= Required work =
Return every line below in which "background" appears.

= Extracted information =

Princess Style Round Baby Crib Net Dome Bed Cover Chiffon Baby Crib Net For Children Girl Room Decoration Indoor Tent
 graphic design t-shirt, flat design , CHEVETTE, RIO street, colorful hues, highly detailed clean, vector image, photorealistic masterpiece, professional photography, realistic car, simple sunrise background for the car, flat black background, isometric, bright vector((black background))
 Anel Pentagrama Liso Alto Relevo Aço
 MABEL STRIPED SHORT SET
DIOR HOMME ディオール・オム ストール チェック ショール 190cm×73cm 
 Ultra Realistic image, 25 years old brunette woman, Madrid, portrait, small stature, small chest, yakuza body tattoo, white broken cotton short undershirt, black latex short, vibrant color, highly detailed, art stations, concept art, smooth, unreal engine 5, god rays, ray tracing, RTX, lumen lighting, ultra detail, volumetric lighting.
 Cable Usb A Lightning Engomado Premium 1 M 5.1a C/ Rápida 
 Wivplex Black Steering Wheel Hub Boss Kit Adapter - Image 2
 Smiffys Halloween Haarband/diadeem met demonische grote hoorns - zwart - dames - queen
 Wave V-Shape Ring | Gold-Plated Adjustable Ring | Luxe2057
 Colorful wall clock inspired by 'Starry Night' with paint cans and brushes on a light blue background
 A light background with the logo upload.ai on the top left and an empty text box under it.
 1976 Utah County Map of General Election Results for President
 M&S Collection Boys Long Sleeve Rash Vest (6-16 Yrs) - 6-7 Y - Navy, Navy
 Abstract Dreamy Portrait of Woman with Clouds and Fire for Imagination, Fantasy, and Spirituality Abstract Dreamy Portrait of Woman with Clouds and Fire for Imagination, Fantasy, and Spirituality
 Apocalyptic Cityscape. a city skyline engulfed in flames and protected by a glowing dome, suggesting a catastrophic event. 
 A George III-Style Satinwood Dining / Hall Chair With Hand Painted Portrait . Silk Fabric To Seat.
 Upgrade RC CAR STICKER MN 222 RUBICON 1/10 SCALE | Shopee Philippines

= Output for this exercise =
 graphic design t-shirt, flat design , CHEVETTE, RIO street, colorful hues, highly detailed clean, vector image, photorealistic masterpiece, professional photography, realistic car, simple sunrise background for the car, flat black background, isometric, bright vector((black background))
 Colorful wall clock inspired by 'Starry Night' with paint cans and brushes on a light blue background
 A light background with the logo upload.ai on the top left and an empty text box under it.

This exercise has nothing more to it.